Spezifische berufliche Einflussfaktoren auf die psychische Gesundheit sind u.a.:

  • Handlungs- und Entscheidungsspielraum
  • Arbeitsintensität
  • Arbeitszeitgestaltung
  • Gestaltung der Arbeitsumgebung
  • Regulieren der eigenen Gefühlsäußerungen (Emotionsarbeit)
  • Gemeinschaftsgefühl und Kollegialität
  • Betriebsklima und Führung
  • Arbeitsplatz(un)sicherheit
  • Vereinbarkeit von Beruf und Privatleben (Work-Life-Balance)

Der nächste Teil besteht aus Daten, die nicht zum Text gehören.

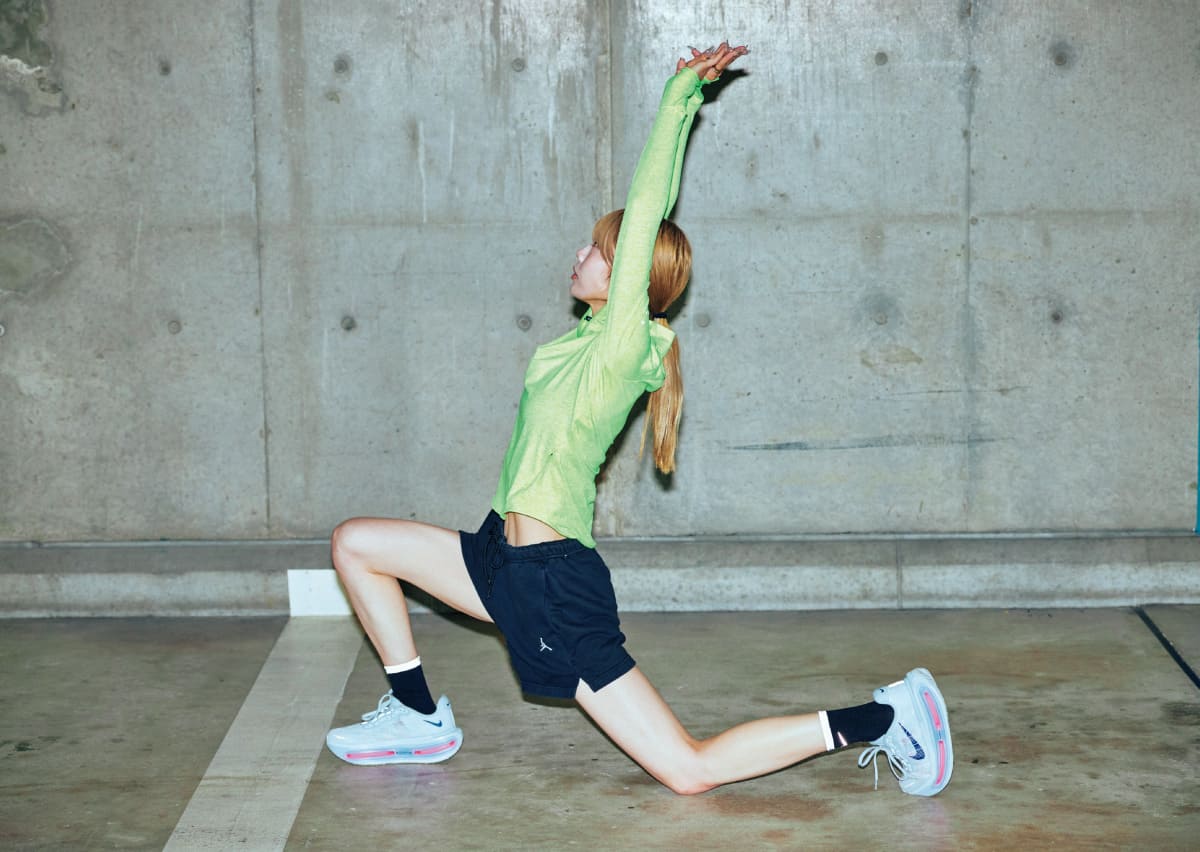 股関節のストレッチ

Betrachtet man den Bereich der psychischen Gesundheit am Arbeitsplatz, so schockiert es schon ein wenig, dass diese erst seit der Novellierung des Arbeitsschutzgesetzes im Juni 2013 Teil des Arbeitsschutzes ist. Seitdem heißt es in § 4 (Allgemeine Grundsätze): „Der Arbeitgeber hat bei Maßnahmen des Arbeitsschutzes von folgenden allgemeinen Grundsätzen auszugehen: Die Arbeit ist so zu gestalten, daß eine Gefährdung für das Leben sowie die physische und die psychische Gesundheit möglichst vermieden und die verbleibende Gefährdung möglichst gering gehalten wird“. Darüber hinaus finden sich auch in den folgenden Gesetzen Ausführungen zur psychischen Gesundheit am Arbeitsplatz:

  • Arbeitsschutzgesetz (ArbSchG)
  • Arbeitssicherheitsgesetz (ASiG)
  • Arbeitsstättenverordnung (ArbStättV)
  • Maschinenverordnung (2006/42/EG)

Wie schon in den o.g. Zahlen ist zu sehen, dass nicht nur die Versorgungskosten für die Therapie der Erkrankungen hoch sind, sondern auch der betriebs- und volkswirtschaftliche Schaden. Und so sollte es im Interesse aller liegen, egal ob Arbeitnehmer*innen, Arbeitgeber*innen sowie Politik und Staat, dass die psychische Gesundheit am Arbeitsplatz gefördert wird.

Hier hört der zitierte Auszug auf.